Il vignaiolo è dunque su una frequenza completamente diversa da quella della Cia che ha chiesto, per la campagna vendemmiale 2023, un innalzamento fino a 400 quintali della resa massima di uva ad ettaro fissata a 30 tonnellate. Il limite riguarda le uve senza denominazione, vale a dire i vini da tavola bianchi, rossi e rosati.

Fino a qualche anno fa la produzione di questa tipologia di vini era fissata dall’Unione europea sulle 50 tonnellate. Poiché questo innescava un meccanismo utilizzato spesso per mascherare l’eccesso di produzione delle Doc, falsando in un certo senso anche il mercato, tre anni fa c’è stata una riduzione a 40 tonnellate. L’Ue ha successivamente lasciato alle Regioni la possibilità di scegliere se mantenere la resa sul limite di 40 o ridurre ulteriormente a 30.

L’Abruzzo due anni fa ha deciso di introdurre la limitazione a 300 quintali facendola partire proprio dalla vendemmia 2023. Da qui però la levata di scudi e ora la richiesta di tornare sulle 40 tonnellate. Una richiesta che sembra andare nella direzione contraria a quella intrapresa dalla Regione – che tuttavia ha poi cambiato idea chiedendo al Ministero una deroga, come ricorda anche la Cia – e dal Consorzio di tutela Vini d’Abruzzo che con la revisione dei disciplinari sta puntando proprio alla riduzione delle rese.

“La strada deve essere quella della qualità – ribadisce Pasetti – . Se si continua a ragionare con la logica di quelle cantine che hanno maturato la propria esistenza su una redditività di bilancio non si può parlare di viticoltura di qualità. Bisogna invertire la rotta”.

Secondo il produttore “l’eccesso del prodotto rappresenta una sovraproduzione che fa crollare anche il vino di qualità.
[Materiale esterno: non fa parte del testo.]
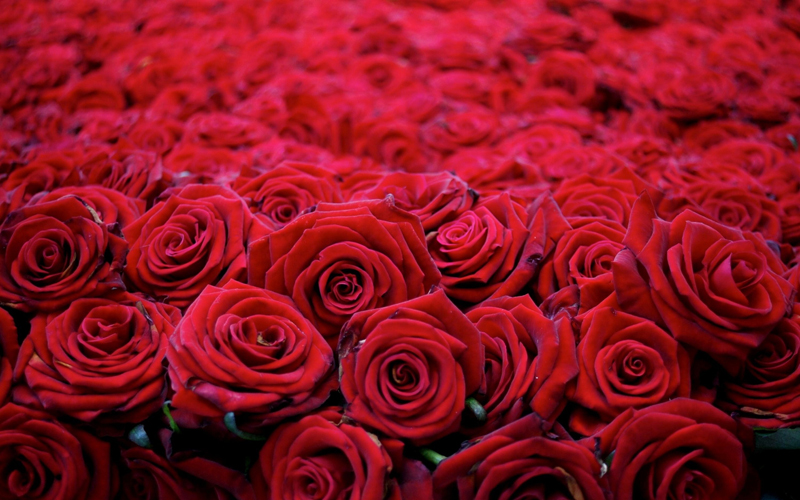 Розы, красные розы, роза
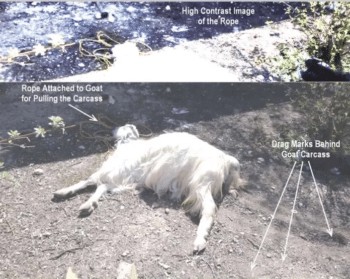 Goat | MR Onlinenbsp | Goat | MR Online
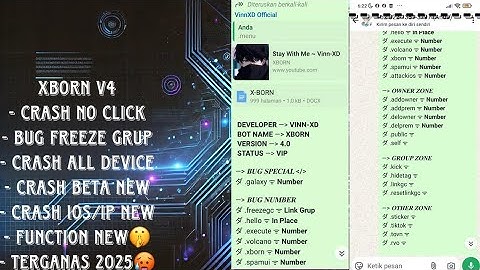 SCRIPT BOT BUG WA XBORN V4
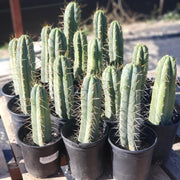 #EC44 EXACT Trichocereus Bridgesii "Jiimz Strong Spine" Cactus Plant or Cutting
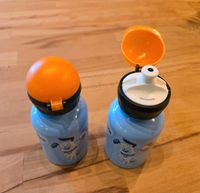 SIGG Alu Trinkflasche Kinder 0,3L Baden-Württemberg - Fronreute Vorschau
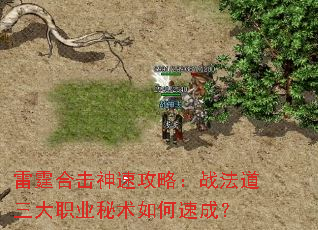 �����ϻ����ٹ��ԣ�ս��������ְҵ��������ٳɣ�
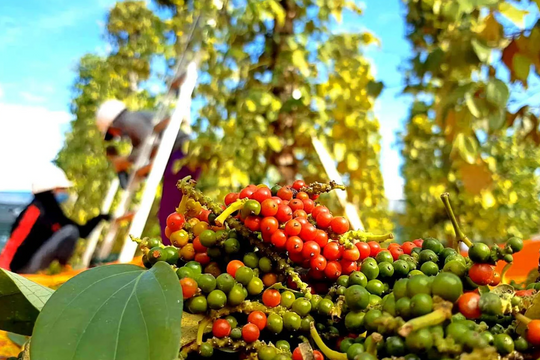 Dự báo giá tiêu ngày 11/5/2025: Tuần tới sẽ khởi sắc?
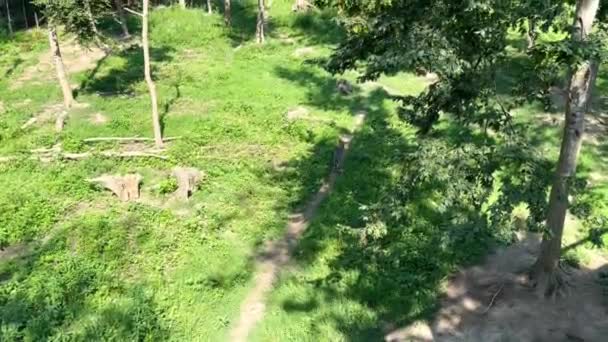 Lobo Cinzento Corre Longo Caminho Florestal Dia Ensolarado Verão Seguida — Vídeo de Stock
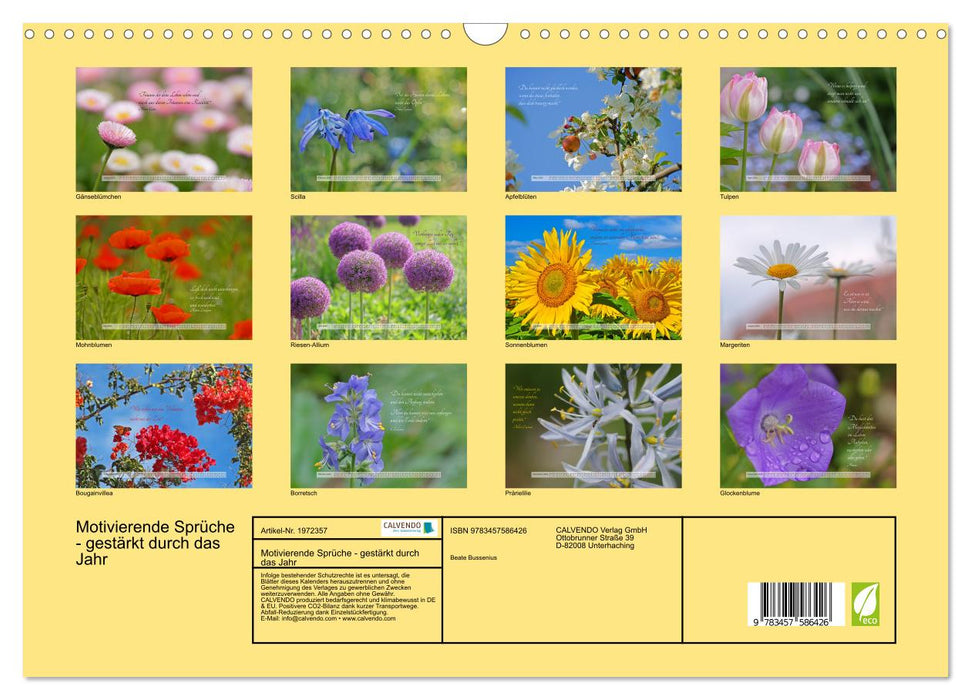 Motivierende Sprüche - gestärkt durch das Jahr (CALVENDO Wandkalender 2026)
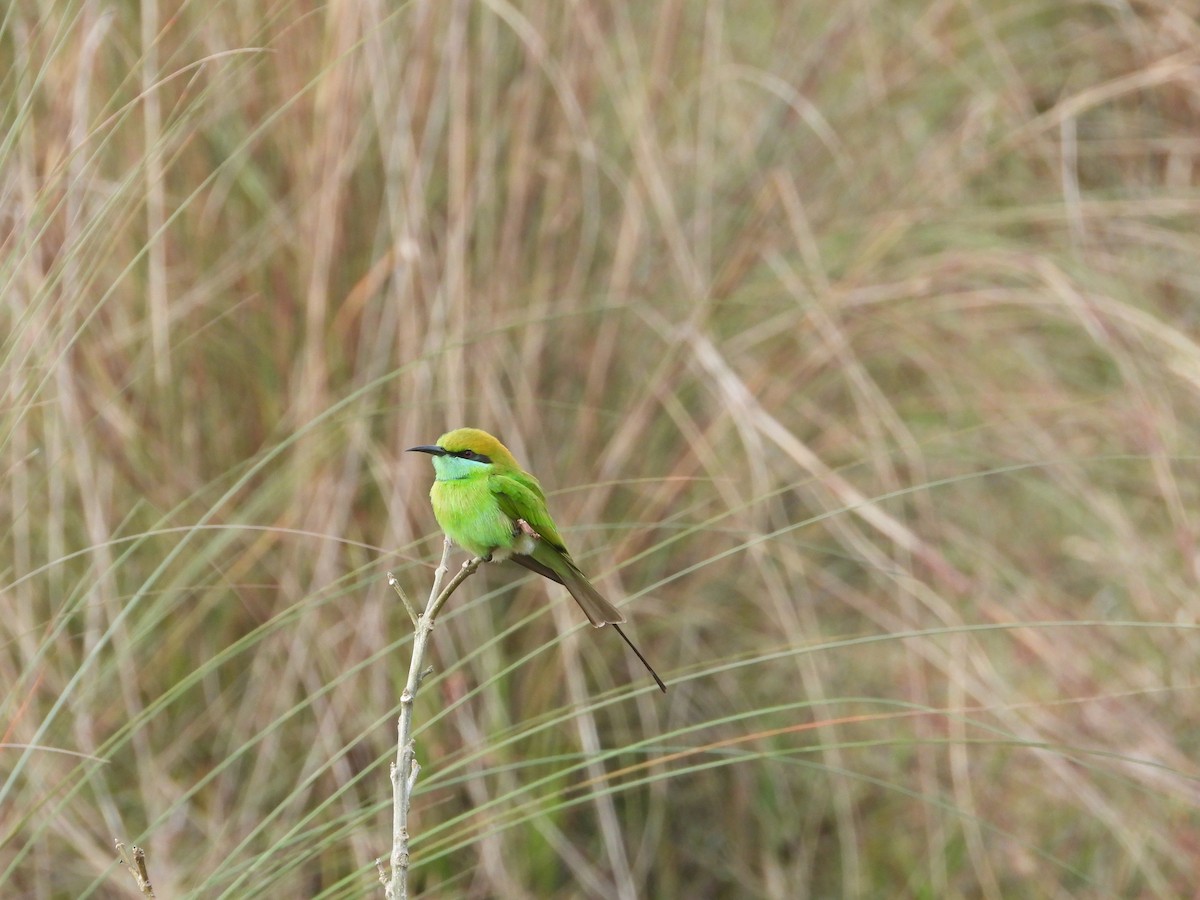 Abejaruco Esmeralda Oriental - ML647464213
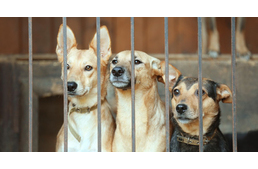 Több, mint 700 menhelyi kutyus csóvál boldogabban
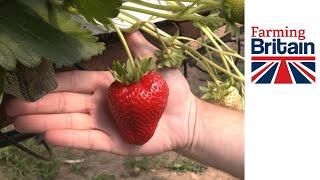 🍓 Strawberries: Perfection vs. Rejection 🍓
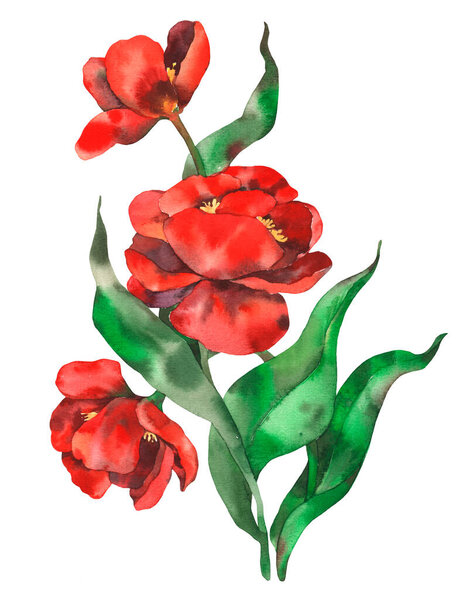 Red flowers.  Tulips.  Watercolor illustration on a white background.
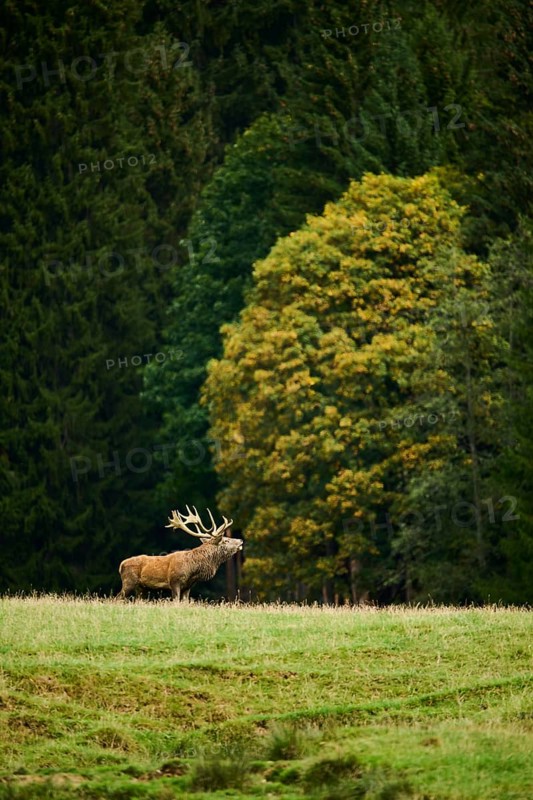 A lone deer standing on a grassy plain with a dense forest in the background, roaring while rutting season, Red deer (Cervus elaphus), Wildpark Aurach, Austria, Europe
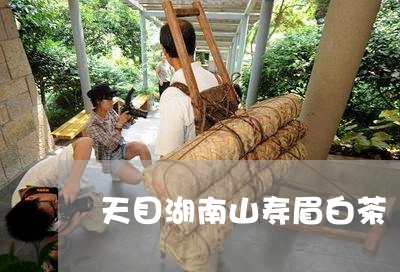 天目湖南山寿眉白茶/2023081448262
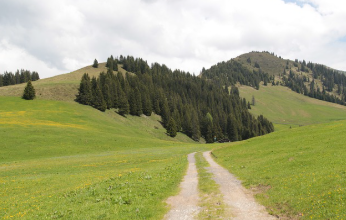 토지이용계획 확인원 신청 꿀팁 11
Il Consorzio sta portando avanti una bella pianificazione, con la revisione dei disciplinari, ma l’attuazione sta diventando difficile. Non sono per le drasticità ma per fare una viticoltura di livello, occorre modificare il comportamento in campagna. Bisogna stabilire un cronoprogramma, dando ad esempio le prossime due vendemmie di tempo (2023 e 2025) per consentire a tutti di adeguarsi al concetto di qualificazione e cambiare rotta”. (m.p. – m.sig.)